Hannah Pritchard (1711-68) played opposite Garrick from 1747 and gained renown for her Lady Macbeth. Her great rival (and Garrick’s lover) was Peg Woffington, who performed at the Theatre Royal [See below]. Both actresses played Rosalind in productions of As You Like It in 1740 and 1741.
Richard Brinsley Sheridan
Richard Brinsley Sheridan, whose comedy The Rivals had enjoyed enormous success at Covent Garden in 1775, took over as owner-manager of the Theatre Royal from Garrick in 1776.
Sheridan presented his play The School for Scandal at the Theatre Royal on 8 May 1777.
Georgiana, Duchess of Devonshire (who partly inspired the Lady Teazle character), and the Devonshire House circle of Whig politicians, fashionable ladies, libertines and wits arrived en masse for the opening night, ensuring the play received great publicity.
Garrick, also part of the circle, wrote an energetic prologue for the play, which has been in more or less continual production ever since. The audience appreciated its exposure of hypocrisy and the disparity between reputation and reality within a modern culture and shifting city.
Sheridan wrote one more farce, The Critic or A Tragedy Rehearsed (1779) before entering politics. The Critic revealed the inner workings of the theatrical business, hilariously confusing the real and the illusory.
The spectacle of his financial ruin
At the height of his powers, Sheridan was an irrepressible figure, held in rhapsodic regard by Byron and Hazlitt, both leading critics in their day. The growing popularity and cultural and political importance of the theatre gave playwrights and actors increased importance. Ultimately, Sheridan became part of the society he had formerly satirised, and all too often drinking and womanising rather than writing.

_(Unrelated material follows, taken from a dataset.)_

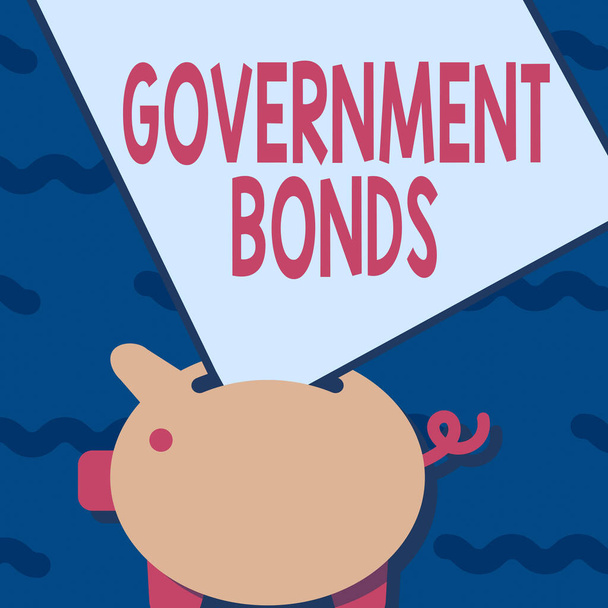 Writing displaying text Government Bonds. Business concept debt security issued by a government to support spending Piggy Bank Drawing With Large Sheet Of Paper Stuck In The Hole. - Fotoğraf, Görsel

Sheridan was in the House of Commons on the evening of 24 February 1809 when news came that the Theatre Royal was on fire. The blaze was enormous, illuminating the river and Westminster and by midnight was said to have been visible as far away as Fulham. Sheridan calmly nursed a drink as he watched the spectacle of his financial ruin. Questioned regarding his composure in the face of disaster, he replied ‘A man may surely be allowed to take a glass of wine by his own fireside.’
Funds to finance the rebuilding of the theatre, with increased capacity and soft seating, were raised by Samuel Whitbread and Lord Byron. Byron wrote the ‘Address’ for the Theatre Royal’s official reopening on 10 October 1812 in honour of his friend Sheridan:
Far be that hour that vainly asks in turn
Such verse for him as crown’d his o’er Garrick’s urn.
The Tragic Muse
At this time actors began to gain great status and celebrity. For Hazlitt, Sarah Siddons (1755-1831) was ‘tragedy personified’. Both Gainsborough and Reynolds, who represented her as The Tragic Muse, painted her portrait.
In the late 19th century, pantomime and music hall artist Dan Leno (featured in Peter Ackroyd’s novel set in 1880, Dan Leno and the Limehouse Golem (1994) was a popular performer at the theatre until he was up-staged by Henry Irving and Ellen Terry’s popularity at the Lyceum Theatre.
During the Second World War the Theatre Royal was the home of the Entertainments National Service Association (ENSA). Among the actor-writers involved with ENSA were David Gascoyne, Joyce Grenfell and Spike Milligan. In recent years it has staged American musical comedies such as Mame (1969) and Miss Saigon (1989).
The Theatre Royal, Drury Lane offers the ‘Tragical, Comical-magical Histoire of the Oldest Operating Playhouse in the World’ tour on Weekdays (except Wednesday) at 2.15 pm and 4.45 pm, Wednesdays and Saturdays at 10.15 am and 12 pm and Sundays by arrangement.